Figure 7. Cumulative COVID-19 deaths in the Region of the Americas, to July 29th, 2023
Measures to achieve universal health coverage
In recent years, in an attempt to deal with noncommunicable diseases, Paraguay has implemented new community-based care systems, such as the Chronic Care Model for hypertension, diabetes mellitus, chronic kidney disease, and obesity, along with modifications to and reform of the mental health care system.
Implementation of free health care in the country has greatly facilitated people's access to these services. In addition to the provision of free services, medicines, and many other inputs since creation of the various national programs—such as those related to leprosy, tuberculosis, malaria, HIV/AIDS, Chagas disease, and leishmaniasis—people have also been given greater access to other, more complex types of health services.
The support of the Pan American Health Organization has facilitated access to free treatment of these diseases, in addition to providing manuals, guides, and other technical items.

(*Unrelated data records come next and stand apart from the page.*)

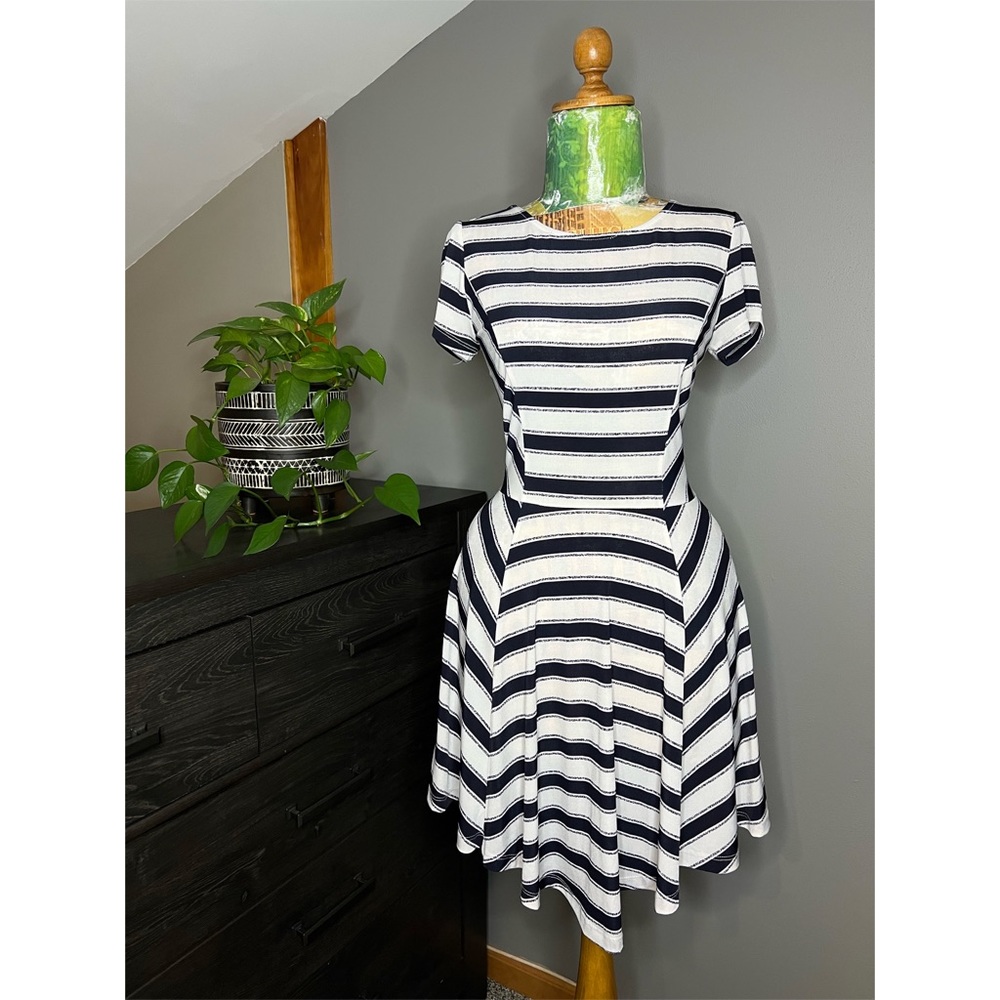 Shortsleeved Dress
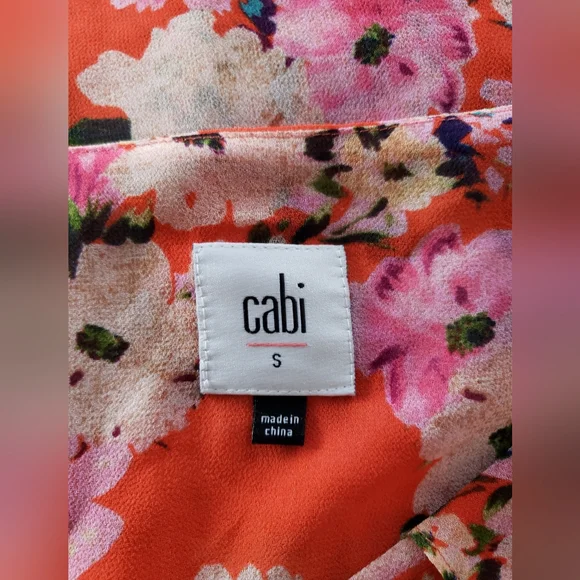 cabi Lush Floral Cold Shoulder Top - Picture 6 of 8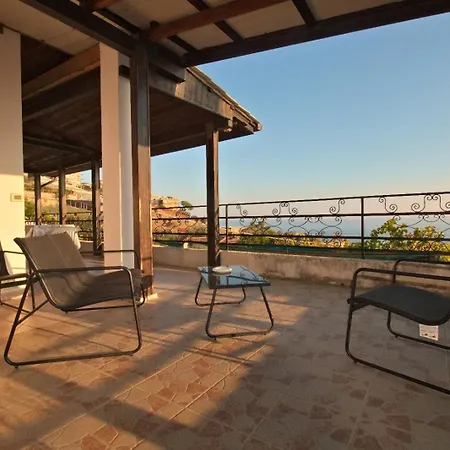 Letizia, Posteggio Privato E Terrazza Panoramica 펜션 *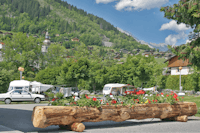 Camping L'Escale  -  Stellplatz vom Campingplatz auf grüner Wiese und mit Blick auf die Alpen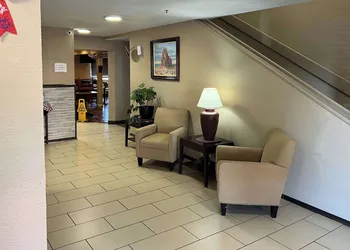 Quality Inn & Suites Farmington hotel thumbnail 3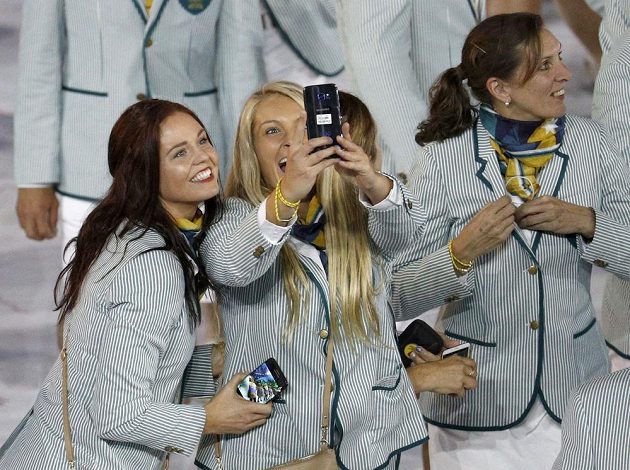 Australanky si pořizují selfíčko při slavnostním zahájení na stadiónu Maracaná.
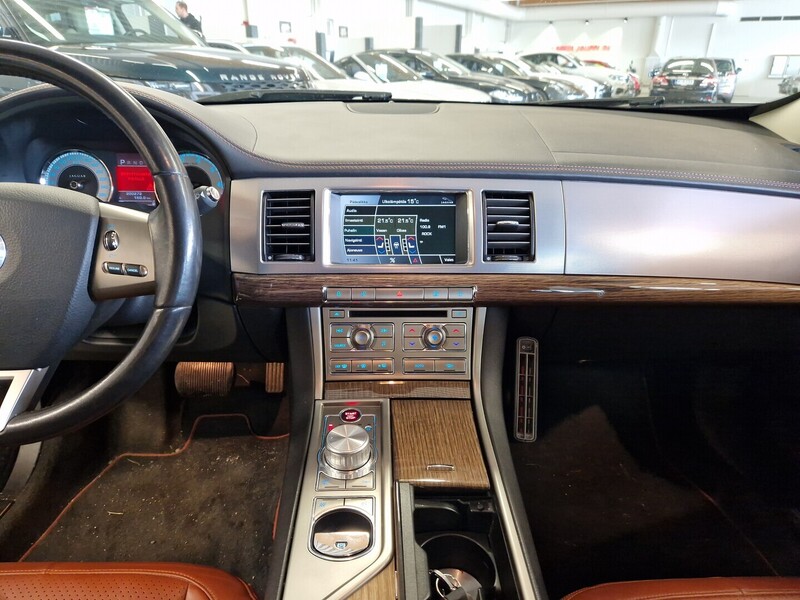 Jaguar XF vaihtoauto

Challenges related to population health
One particularly important challenge facing the country in the short term is to restart activities that were suspended or cut back due to the COVID-19 pandemic, especially in relation to health promotion, monitoring, and supervision.
COVID-19 pandemic response
In terms of the diseases that are unrelated to COVID-19, care remained generally unaffected during the most acute stage of the pandemic, due mainly to the decentralization of national-program services and the use of remote monitoring. In efforts to strengthen response capacity, active work and training continues with regional managers and heads of both public and private health services, in order to ensure that people have unrestricted access to these services. One important aspect of these efforts involves forming infection prevention and control teams within health facilities, and the training of health personnel, along with strengthening surveillance of healthcare-associated infections (HAIs) in hospitals throughout the country.
Measures to reduce inequalities in health
Among other national public policies is the National Strategy for the Prevention and Control of Obesity 2015–2025, an initiative that promotes multisectoral integration. Its objectives are the prevention of overweight and obesity and the strengthening of comprehensive care throughout the life course, with the participation of public and private health systems, as well as civil society.
Historically, the stigmatization of diseases such as leprosy, tuberculosis, and HIV/AIDS has been the main barrier to timely diagnosis, but this has diminished significantly in recent years, thanks to increased promotional activities and campaigns and active case-finding, two tasks that were taken up with renewed impetus during this period.